-- Opening Marker --

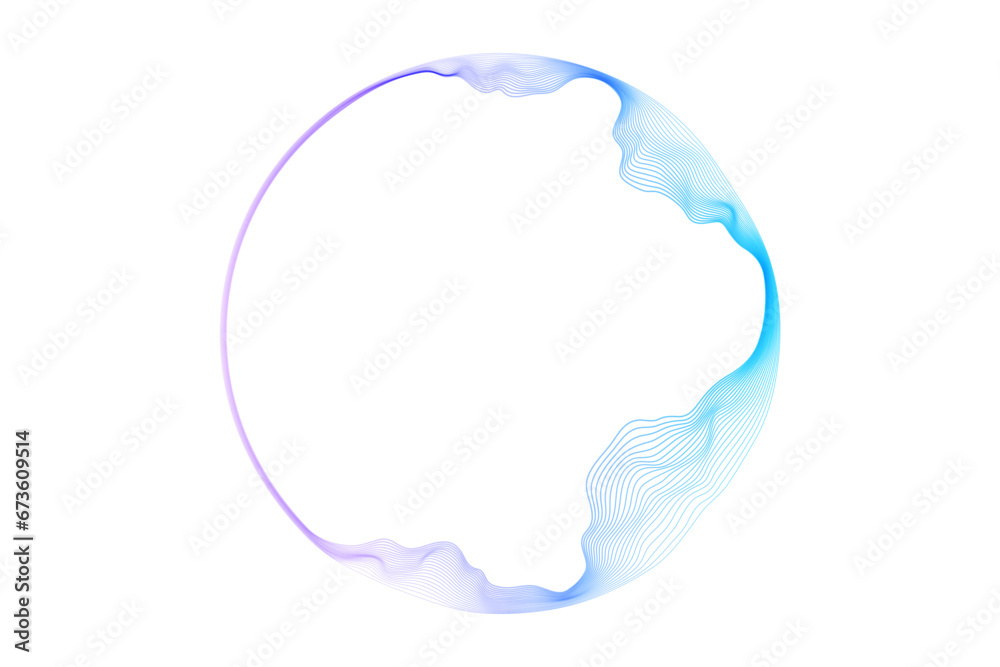 Poster Vector abstract circles lines wavy in round frame colorful blue purple gradient isolated on transparent background with empty space for text
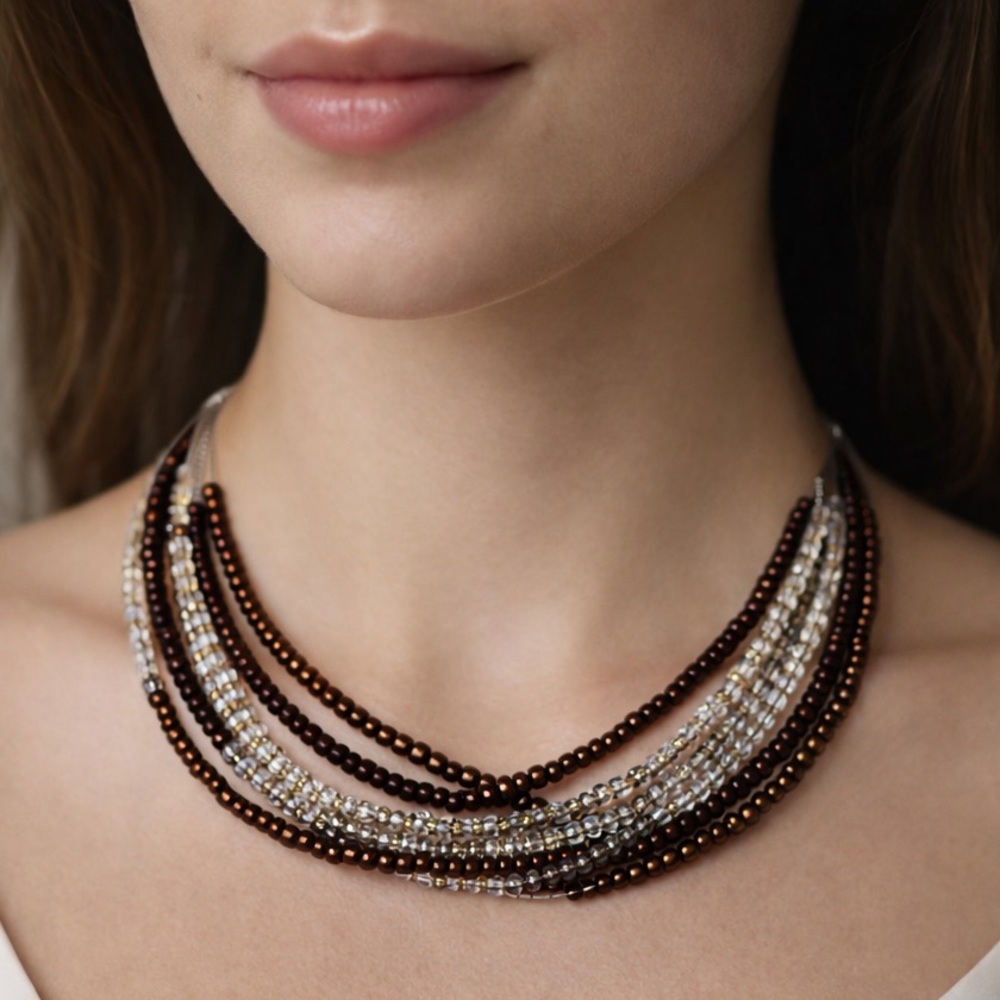 Multi-Strand Glass Bead Choker Necklace Silver & Dark Metallic Adjustable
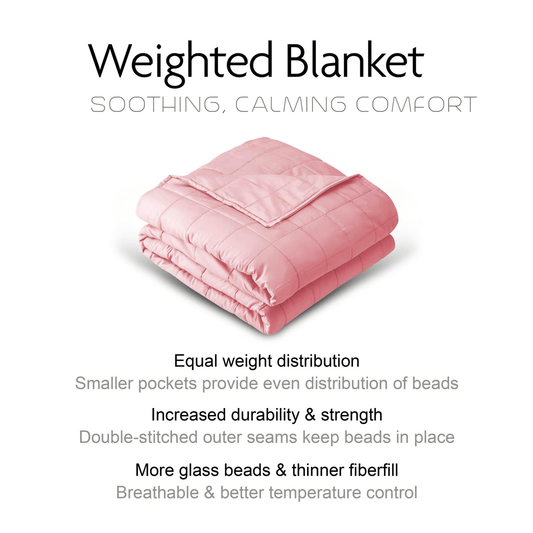 Weighted Blanket 150cm x 200cm 8kg Pink 4611 (Parcel Rate)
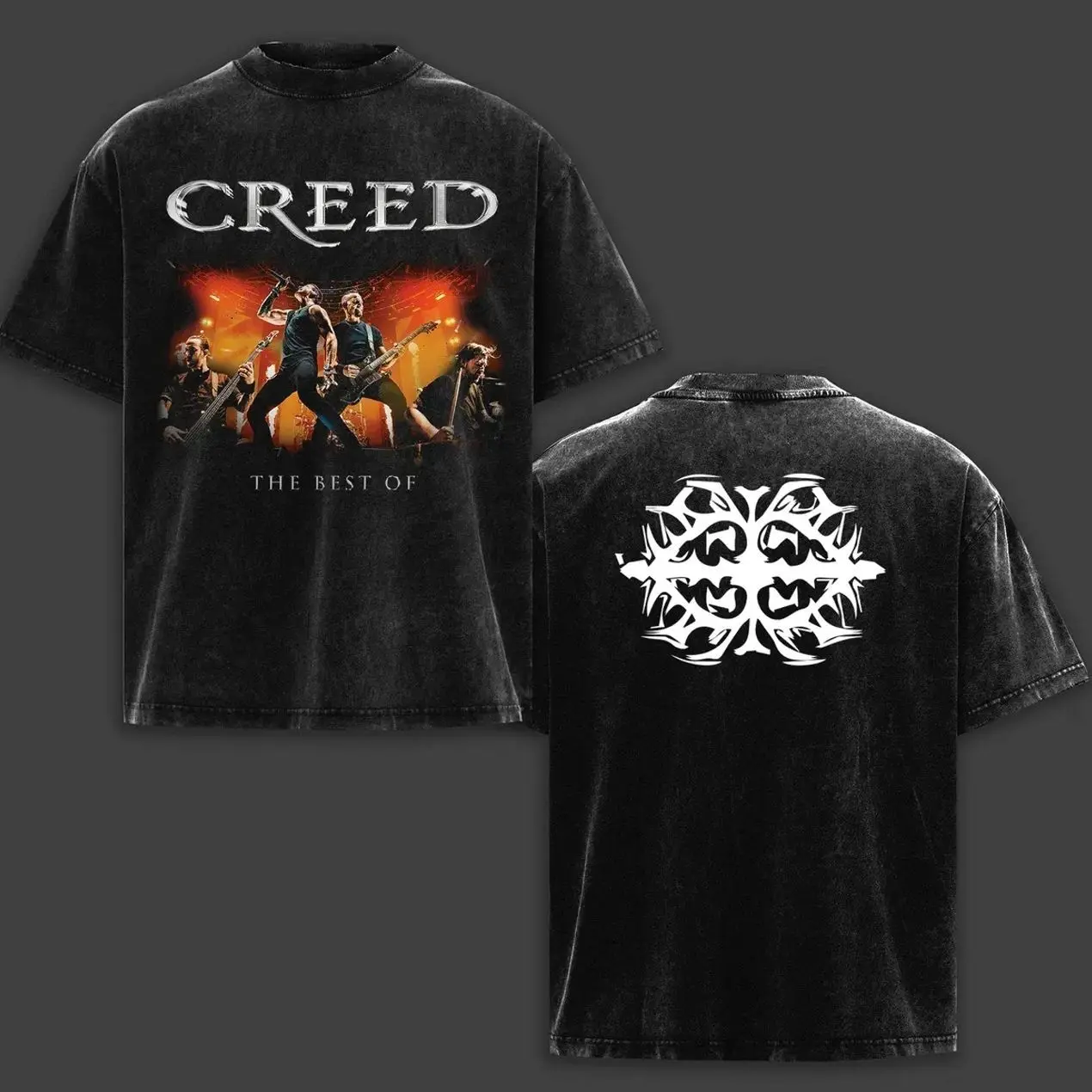 The Best of Creed Band Tee Washed, Creed Music Band Washed Tee, Rock Band Double Printed Washed Hoodie, Gift For Band Fan Crewneck Casual Cotton Fabric Menswear N0G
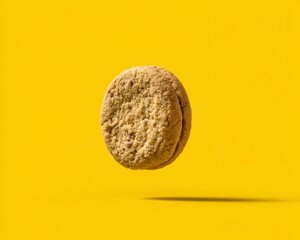 Naklejka premium Delicious Chocolate Chip Cookie Floating Above Yellow Background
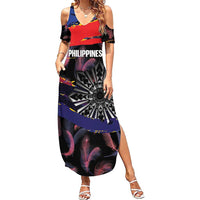 Philippines Sun Tattoo Family Matching Summer Maxi Dress and Hawaiian Shirt Feathers Filipinas Grunge Style Black LT14 Mom's Dress Black - Polynesian Pride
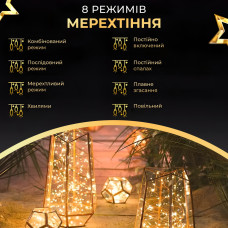 Гірлянда роса на пульті 100 метрів на 1000 led світлодіодів крапля на зеленому дроті жовта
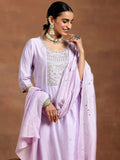 Gerua Lavender Yoke Design Silk Blend Straight Suit With Dupatta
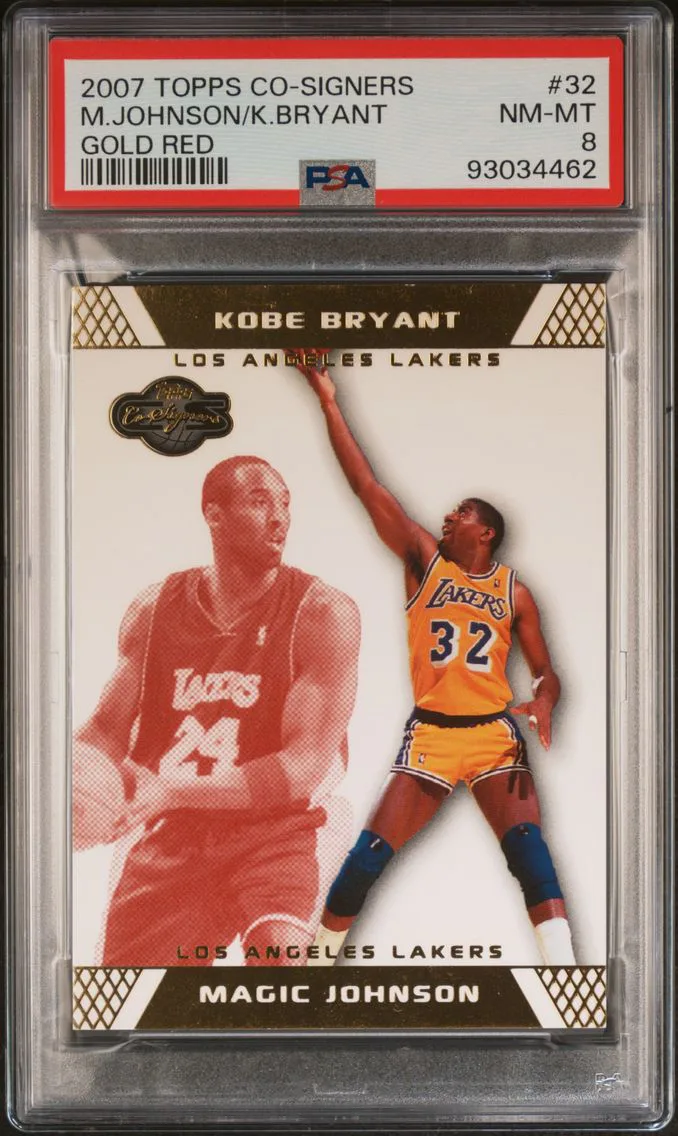 2007 #32 Kobe Bryant/Magic Johnson PSA 8 Topps CO-Signers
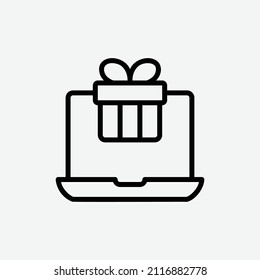  icono de regalo en línea, icono de contorno de ecommerce aislado en fondo gris claro, perfecto para sitio web, blog, logotipo, diseño gráfico, medios sociales, interfaz de usuario, aplicación móvil, ilustración de vector EPS 10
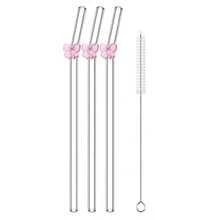 1/4/7 Packs Reusable Glass Straws Set With Bow Charm And Cleaning Brush- Shatter-Resistant Bent Drinking Straws Set - Shatterproof Straws Party Decoration Bow Party Pretty Bachelorette Decoration Bridal Engagement Drinks-Elegant Straws For Cocktails, Smoothies & Cold Drinks Juice, Smoothies, Milkshakes, Tea, Back To School Supplies - Multicolor - View 13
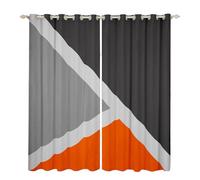 Homewish Geometric Triangle Curtains & Drapes Orange Dark Grey Light Grey Blackout Curtains 46"X72" For Boys Bedroom Aesthetic Window Curtains Luxury Modern Simple Art Window Treatments 2 Panels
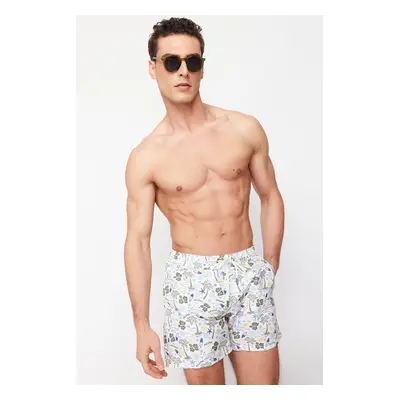 Trendyol Standard Size Palm Tree Patterned Swim Shorts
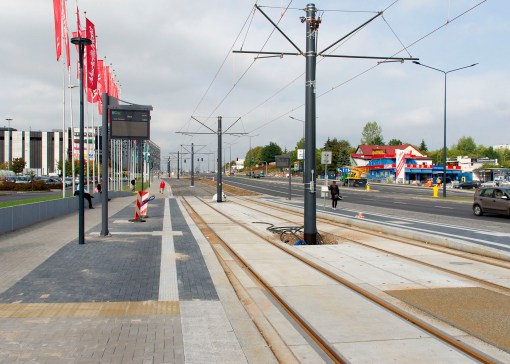 Budowa linii tramwajowej przy alei Sikorskiego (16 września 2015) - przystanek Real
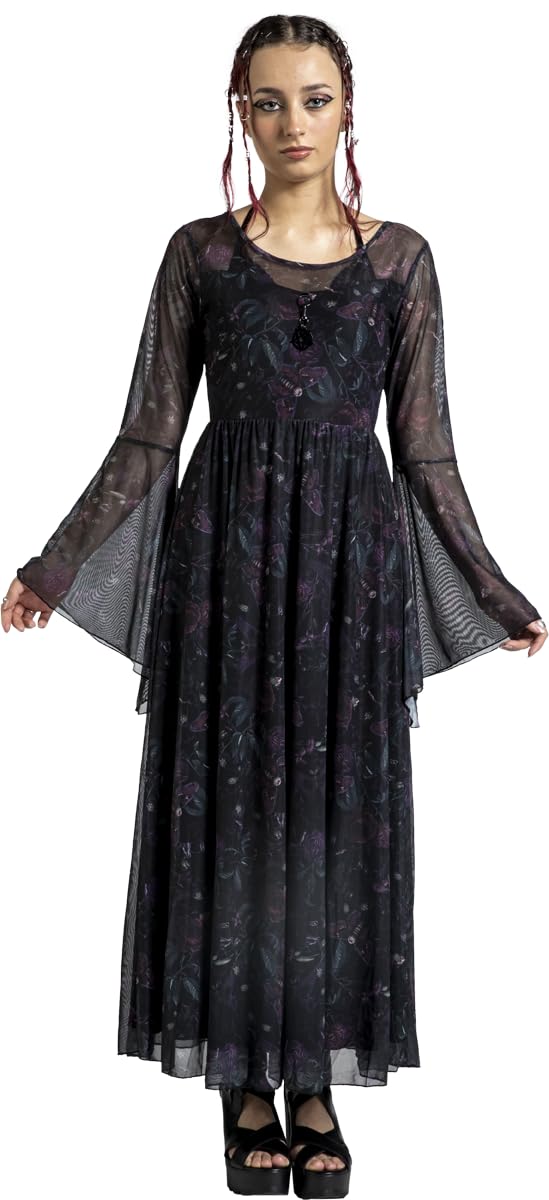 Gothicana by EMP Abito Lungo Nero stampa all-over taglia M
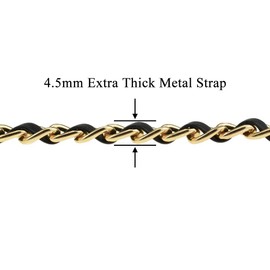 HAHIYO Mini Purse Chain Strap Slim Wide 8mm for LV Length 47.2 inches Extra Thick 4.5mm White Leather Gold Hardware for Shoulder Cross Body Sling Handbag Wallet Comfortable Flat Metal Strap 1 Pack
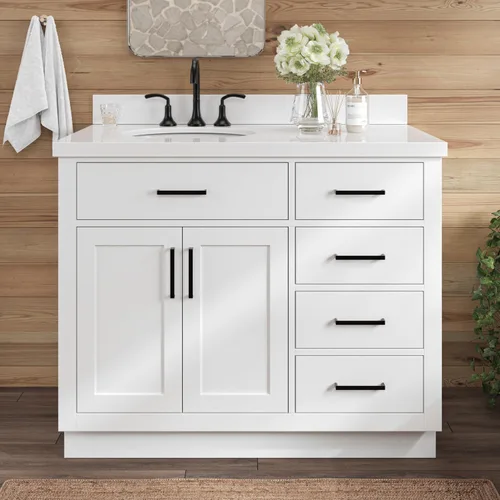 Vista 74 de ARIEL Hepburn - Tocador de baño de 30 pulgadas con fregadero, madera maciza, encimera y protector contra salpicaduras de cuarzo blanco puro de 1.5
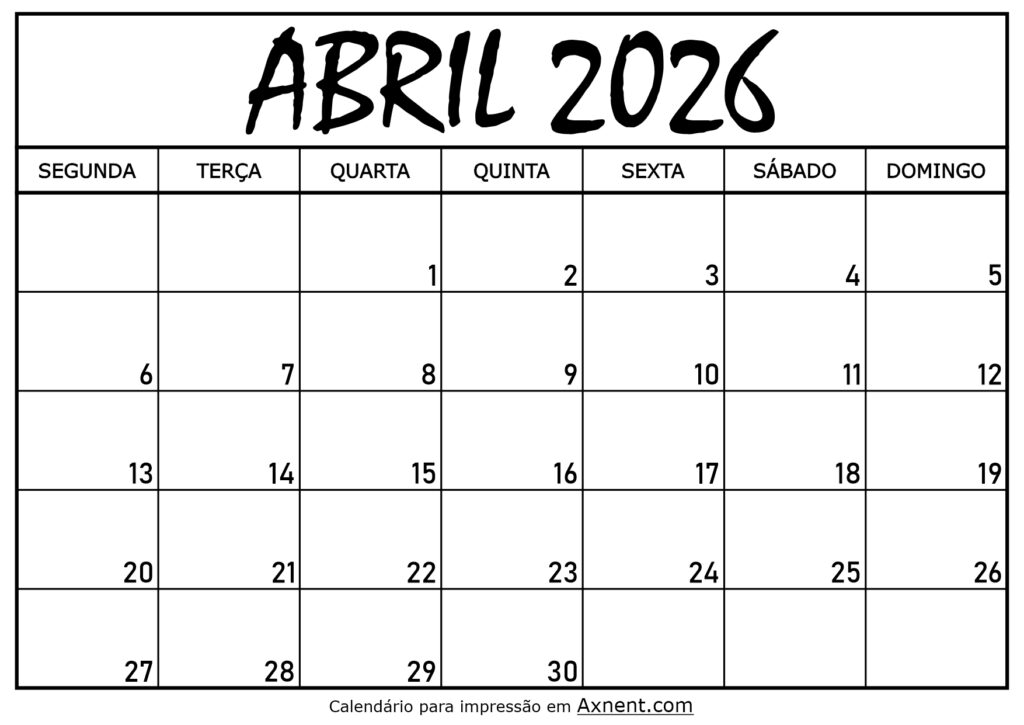 Calendário Mensal Abril 2026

-- Closing Marker --

ACTIVITY: Everything in the records above must be repeated exactly, apart from the pictures.

WRITTEN RESPONSE:
 Poster Vector abstract circles lines wavy in round frame colorful blue purple gradient isolated on transparent background with empty space for text
 Multi-Strand Glass Bead Choker Necklace Silver & Dark Metallic Adjustable
 Weighted Blanket 150cm x 200cm 8kg Pink 4611 (Parcel Rate)
 The Best of Creed Band Tee Washed, Creed Music Band Washed Tee, Rock Band Double Printed Washed Hoodie, Gift For Band Fan Crewneck Casual Cotton Fabric Menswear N0G
 Naklejka premium Delicious Chocolate Chip Cookie Floating Above Yellow Background
 Philippines Sun Tattoo Family Matching Summer Maxi Dress and Hawaiian Shirt Feathers Filipinas Grunge Style Black LT14 Mom's Dress Black - Polynesian Pride
 Гірлянда роса на пульті 100 метрів на 1000 led світлодіодів крапля на зеленому дроті жовта
 Gerua Lavender Yoke Design Silk Blend Straight Suit With Dupatta
 2007 #32 Kobe Bryant/Magic Johnson PSA 8 Topps CO-Signers
  icono de regalo en línea, icono de contorno de ecommerce aislado en fondo gris claro, perfecto para sitio web, blog, logotipo, diseño gráfico, medios sociales, interfaz de usuario, aplicación móvil, ilustración de vector EPS 10
 1/4/7 Packs Reusable Glass Straws Set With Bow Charm And Cleaning Brush- Shatter-Resistant Bent Drinking Straws Set - Shatterproof Straws Party Decoration Bow Party Pretty Bachelorette Decoration Bridal Engagement Drinks-Elegant Straws For Cocktails, Smoothies & Cold Drinks Juice, Smoothies, Milkshakes, Tea, Back To School Supplies - Multicolor - View 13
 Homewish Geometric Triangle Curtains & Drapes Orange Dark Grey Light Grey Blackout Curtains 46"X72" For Boys Bedroom Aesthetic Window Curtains Luxury Modern Simple Art Window Treatments 2 Panels
 Trendyol Standard Size Palm Tree Patterned Swim Shorts
 Budowa linii tramwajowej przy alei Sikorskiego (16 września 2015) - przystanek Real
 Gothicana by EMP Abito Lungo Nero stampa all-over taglia M
 HAHIYO Mini Purse Chain Strap Slim Wide 8mm for LV Length 47.2 inches Extra Thick 4.5mm White Leather Gold Hardware for Shoulder Cross Body Sling Handbag Wallet Comfortable Flat Metal Strap 1 Pack
 Vista 74 de ARIEL Hepburn - Tocador de baño de 30 pulgadas con fregadero, madera maciza, encimera y protector contra salpicaduras de cuarzo blanco puro de 1.5
 Calendário Mensal Abril 2026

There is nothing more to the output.